---- SUPPLIED MATERIAL

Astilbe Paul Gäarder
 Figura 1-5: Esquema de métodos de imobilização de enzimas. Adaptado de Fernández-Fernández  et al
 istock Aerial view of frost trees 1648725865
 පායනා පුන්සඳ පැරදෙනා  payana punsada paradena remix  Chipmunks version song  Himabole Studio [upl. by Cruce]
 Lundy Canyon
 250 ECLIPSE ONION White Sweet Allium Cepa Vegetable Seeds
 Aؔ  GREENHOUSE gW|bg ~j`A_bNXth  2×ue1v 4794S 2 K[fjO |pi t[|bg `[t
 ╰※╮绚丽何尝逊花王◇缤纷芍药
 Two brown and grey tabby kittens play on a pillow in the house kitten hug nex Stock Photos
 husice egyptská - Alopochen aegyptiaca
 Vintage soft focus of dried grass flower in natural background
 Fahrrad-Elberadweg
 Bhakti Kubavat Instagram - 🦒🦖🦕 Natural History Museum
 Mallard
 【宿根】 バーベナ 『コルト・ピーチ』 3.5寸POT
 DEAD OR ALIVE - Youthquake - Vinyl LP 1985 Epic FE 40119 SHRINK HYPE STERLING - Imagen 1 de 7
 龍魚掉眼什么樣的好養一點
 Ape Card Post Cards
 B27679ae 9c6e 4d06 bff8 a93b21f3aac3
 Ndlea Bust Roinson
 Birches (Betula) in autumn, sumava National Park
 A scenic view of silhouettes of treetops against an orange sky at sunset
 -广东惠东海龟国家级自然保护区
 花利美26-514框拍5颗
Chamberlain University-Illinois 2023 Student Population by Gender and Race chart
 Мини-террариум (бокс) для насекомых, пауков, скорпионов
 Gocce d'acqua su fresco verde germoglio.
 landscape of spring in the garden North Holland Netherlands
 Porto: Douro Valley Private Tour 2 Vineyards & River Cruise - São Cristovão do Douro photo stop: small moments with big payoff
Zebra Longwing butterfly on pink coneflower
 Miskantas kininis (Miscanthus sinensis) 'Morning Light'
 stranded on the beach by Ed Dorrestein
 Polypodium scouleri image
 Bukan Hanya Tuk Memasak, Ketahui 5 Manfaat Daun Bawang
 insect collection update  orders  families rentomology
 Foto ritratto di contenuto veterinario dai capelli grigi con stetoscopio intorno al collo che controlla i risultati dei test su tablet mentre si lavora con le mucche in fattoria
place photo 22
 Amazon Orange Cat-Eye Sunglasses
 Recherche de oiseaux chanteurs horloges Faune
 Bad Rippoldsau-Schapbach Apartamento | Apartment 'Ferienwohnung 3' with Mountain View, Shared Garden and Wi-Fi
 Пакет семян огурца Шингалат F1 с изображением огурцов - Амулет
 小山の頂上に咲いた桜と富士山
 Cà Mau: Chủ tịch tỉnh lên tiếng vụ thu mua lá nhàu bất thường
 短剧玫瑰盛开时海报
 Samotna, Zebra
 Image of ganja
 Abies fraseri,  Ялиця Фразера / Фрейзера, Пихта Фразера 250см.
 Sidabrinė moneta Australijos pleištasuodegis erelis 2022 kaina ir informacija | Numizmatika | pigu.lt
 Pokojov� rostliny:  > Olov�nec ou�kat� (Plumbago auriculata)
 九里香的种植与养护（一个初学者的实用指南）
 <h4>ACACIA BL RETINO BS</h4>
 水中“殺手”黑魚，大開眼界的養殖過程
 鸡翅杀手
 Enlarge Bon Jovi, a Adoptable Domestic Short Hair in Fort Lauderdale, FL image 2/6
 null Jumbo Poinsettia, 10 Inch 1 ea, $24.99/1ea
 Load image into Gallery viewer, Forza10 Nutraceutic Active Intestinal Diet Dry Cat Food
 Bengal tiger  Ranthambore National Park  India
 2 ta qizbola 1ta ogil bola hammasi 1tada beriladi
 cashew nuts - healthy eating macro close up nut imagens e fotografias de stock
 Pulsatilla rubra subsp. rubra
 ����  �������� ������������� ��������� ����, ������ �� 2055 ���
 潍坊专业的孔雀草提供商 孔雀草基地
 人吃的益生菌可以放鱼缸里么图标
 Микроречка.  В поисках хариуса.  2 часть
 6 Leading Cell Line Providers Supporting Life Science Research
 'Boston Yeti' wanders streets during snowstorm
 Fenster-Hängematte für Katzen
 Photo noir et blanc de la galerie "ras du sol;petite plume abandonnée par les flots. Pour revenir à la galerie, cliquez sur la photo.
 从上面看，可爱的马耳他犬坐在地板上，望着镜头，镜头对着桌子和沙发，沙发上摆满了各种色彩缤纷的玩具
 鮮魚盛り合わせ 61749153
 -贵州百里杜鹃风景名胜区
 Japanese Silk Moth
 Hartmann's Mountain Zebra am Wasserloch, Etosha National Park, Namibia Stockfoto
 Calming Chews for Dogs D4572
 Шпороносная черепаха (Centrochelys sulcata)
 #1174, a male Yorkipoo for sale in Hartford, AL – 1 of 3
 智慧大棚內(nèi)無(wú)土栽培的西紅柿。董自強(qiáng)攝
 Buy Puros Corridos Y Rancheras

--------

** EXERCISE GOAL **
Beginning at the line with "Load image into" and stopping after the line with "Fenster-Hängematte für Katzen", please write out every line of the data above exactly and nothing else.

** ANSWER BOX **
 Load image into Gallery viewer, Forza10 Nutraceutic Active Intestinal Diet Dry Cat Food
 Bengal tiger  Ranthambore National Park  India
 2 ta qizbola 1ta ogil bola hammasi 1tada beriladi
 cashew nuts - healthy eating macro close up nut imagens e fotografias de stock
 Pulsatilla rubra subsp. rubra
 ����  �������� ������������� ��������� ����, ������ �� 2055 ���
 潍坊专业的孔雀草提供商 孔雀草基地
 人吃的益生菌可以放鱼缸里么图标
 Микроречка.  В поисках хариуса.  2 часть
 6 Leading Cell Line Providers Supporting Life Science Research
 'Boston Yeti' wanders streets during snowstorm
 Fenster-Hängematte für Katzen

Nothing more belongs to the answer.